Submitting an idea
Ideas are a lightweight way to ask for a policy you'd like to see.
Overview
A Policy Idea is a lightweight way to ask the community for a policy you'd like to see, without authoring one yourself. If you have a use case or a governance need but don't have the time or technical background to build a working policy, you can file an idea and let others in the community pick it up. File one from the Ideas page, and track yours under My Contributions — that page lists both the policies and the ideas you've submitted, side by side.

When to file an idea vs a full submission
Use an idea when you want to say "I wish this existed" — you describe the problem, the desired behavior, and any relevant context, then let the community decide whether to build it.
Use a submission when you have a working policy in hand — you've authored the Rust code, tested it locally, and you're ready to contribute it to the registry for review and publication.
Ideas lower the barrier for non-developers to shape the policy ecosystem. If someone picks up your idea and builds it, you'll be credited as the original requester when the policy is published.
What an idea includes
An idea captures:
- Title — a descriptive, concrete summary of the policy you want.
- Category — optional tag like security, compliance, or routing to help with discovery.
- Description — the problem you're trying to solve, the desired behavior, and any relevant context. Markdown is supported.
The form is quick to fill out, and your idea appears in the public Ideas page where contributors can browse, comment, and claim ideas to implement.

Lifecycle states
Every idea moves through one of five states. Unlike policies, ideas don't have a separate "submitted" gate — every new idea lands directly in under_review so it's queued for an admin to triage.
┌────► needs_improvement ──── (you edit, it goes back to under_review)
│
new idea ► under_review┤────► approved ──┬─── visible in the public Ideas tab
│ │
│ └─► delivered ── a published policy was built for it
│
└────► rejectedThe screenshots below all show the same example idea — GraphQL Query Complexity Limiter — at different points in its lifecycle, so you can see exactly how the same card looks as the badge and feedback change.
under_review
Every idea starts here. It's not yet visible in the public Ideas page, but admins can see it and triage. While the idea is under_review, it is frozen pending admin review — you cannot edit it. You only regain the ability to edit the title, description, and category when it reaches needs_improvement.

needs_improvement
The admin has sent the idea back with feedback — usually a vague description, an unclear use case, or duplication with an existing idea. The feedback appears on the idea detail page as a feedback history: every round the idea was sent back is listed newest-first, each with the reviewer's note and when it was sent, so you can see how the guidance evolved across resubmissions rather than only the latest note. Update the idea and the next save flips it back to under_review for re-triage.

approved
The admin has accepted the idea. It's now visible in the public Ideas page where the community can browse, upvote, and claim it for implementation.

delivered
A contributor built a policy for the idea and it was published. The idea flips to delivered, gains a Built as a policy card linking to the published policy on its detail page, and you — the original submitter — get an email letting you know your idea was built. An idea only reaches this state once; the link is one-to-one with the policy that delivered it. Delivered ideas stay visible in the Ideas page with their badge so the demand-to-delivery trail is preserved.

rejected
The admin has decided the idea won't be tracked further — typically because it duplicates an existing approved idea or sits outside the catalog's scope. The idea is hidden from the public Ideas page.

Community triage
Once your idea is approved, the community can upvote it, ask clarifying questions, and propose implementation approaches. Platform maintainers may tag it with labels like good first policy to help new contributors find approachable projects.
The upvote button lives on each idea's detail page. You can't upvote your own ideas — the platform enforces this at the database level so the vote count stays an honest signal of community demand. The screenshot below is the Cache Control with Redis idea, viewed from an account that didn't submit it (so the upvote button is enabled).
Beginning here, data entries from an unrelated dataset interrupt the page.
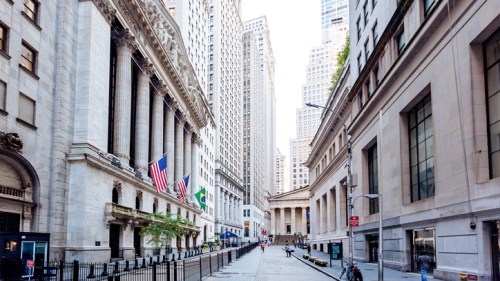 Wall Street e a Bolsa de Valores de Nova York, no centro de Manhattan (Foto: Alexander Spatari / Getty Images)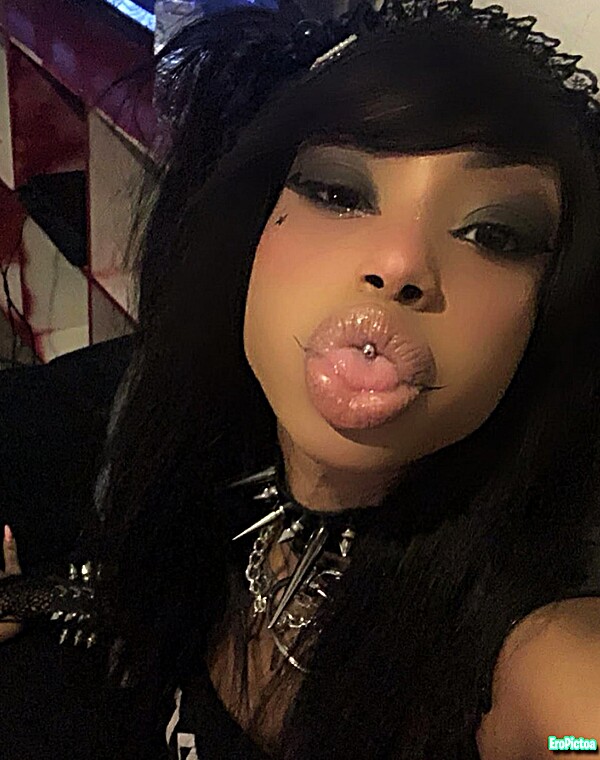 Thumbnail for Tatiana, 23, Goth Ebony DJ Nudes Leaked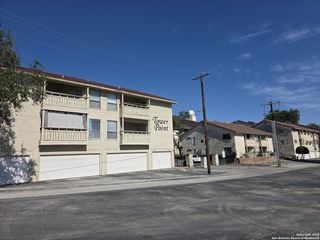 7738 Chambers # 304C, San Antonio, TX 78229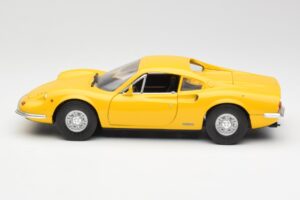 Ferrari Dino 246 GT Galben Anson 1:18 30301W Metal - imaginea 4 din 8
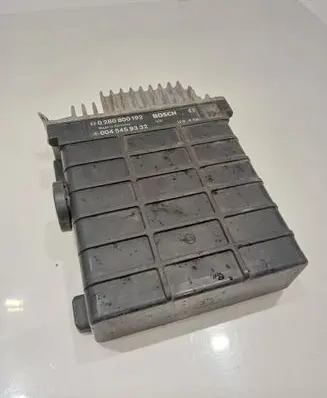 Mercedes-Benz E W124 Engine control unit/module 0045459332 0280800192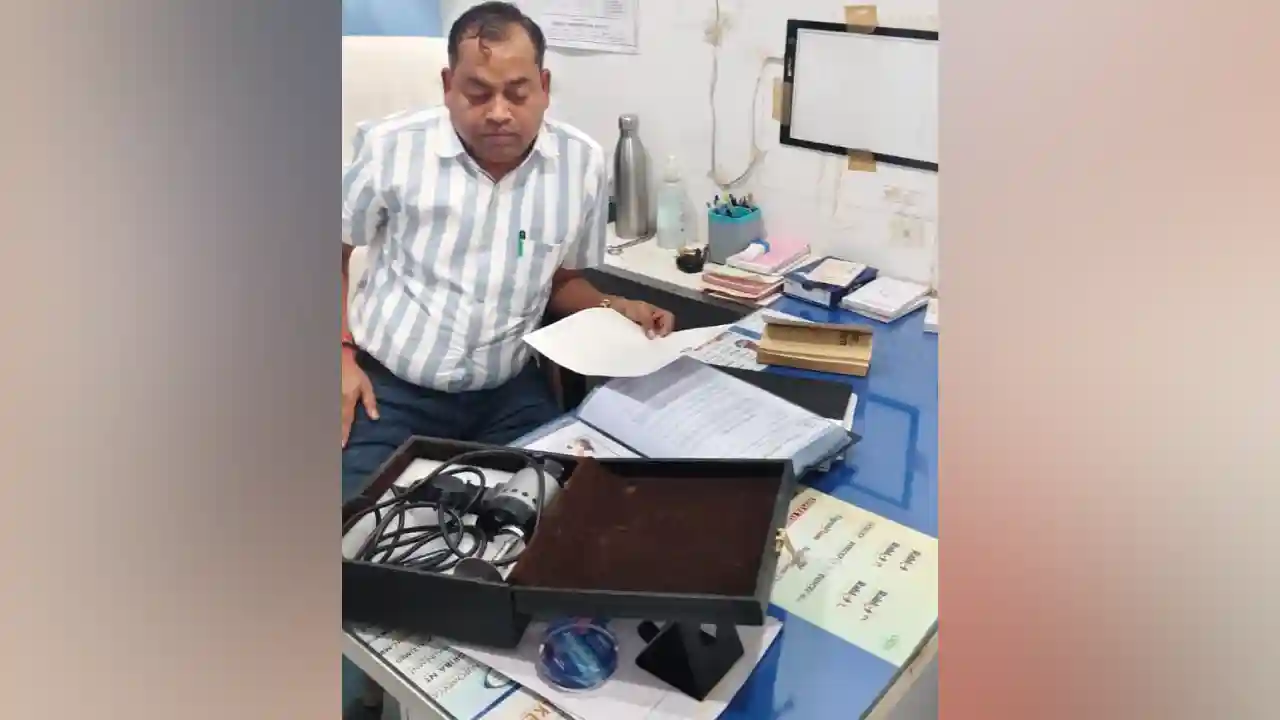 प्रतापगढ़ बिना चिकित्सक क्लीनिक संचालित सीएमएचओ डाॅ जीवराज ने मौके पर बंद करवाया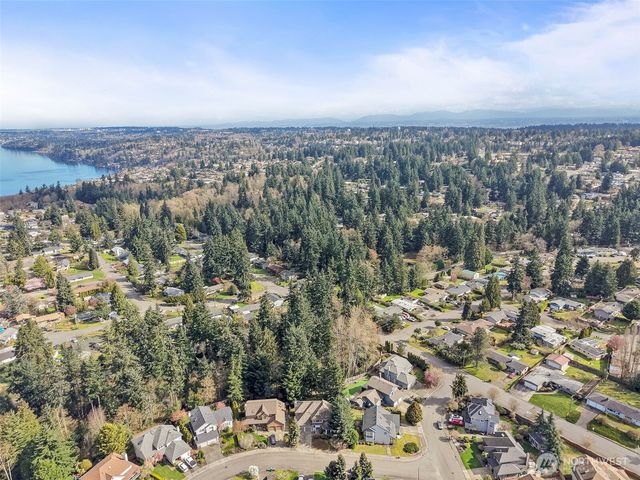 30158 3rd Place S, Federal Way, WA 98003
If your idea gains traction, a contributor will claim it, build the policy, and submit it through the standard review process.
Building a policy for an idea
Any signed-in user can offer to build an approved idea that hasn't been delivered yet. Open the idea's detail page and click Submit a policy — this opens the policy submission form with the idea already linked, so you don't have to find it again. Declaring the idea on your submission tells the reviewers which request you're delivering.

The link is recorded in two phases. While your policy is still under review, the idea it's declared to deliver is shown as a pending intent — the idea stays approved and isn't counted as delivered yet. An admin can confirm or adjust that declared idea during review. Only when the policy is approved and published does the idea flip to delivered: its detail page gains a Built as a policy card linking to the published policy, and the original idea submitter is emailed. The link is one-to-one: each idea is delivered by exactly one published policy, and each policy delivers at most one idea.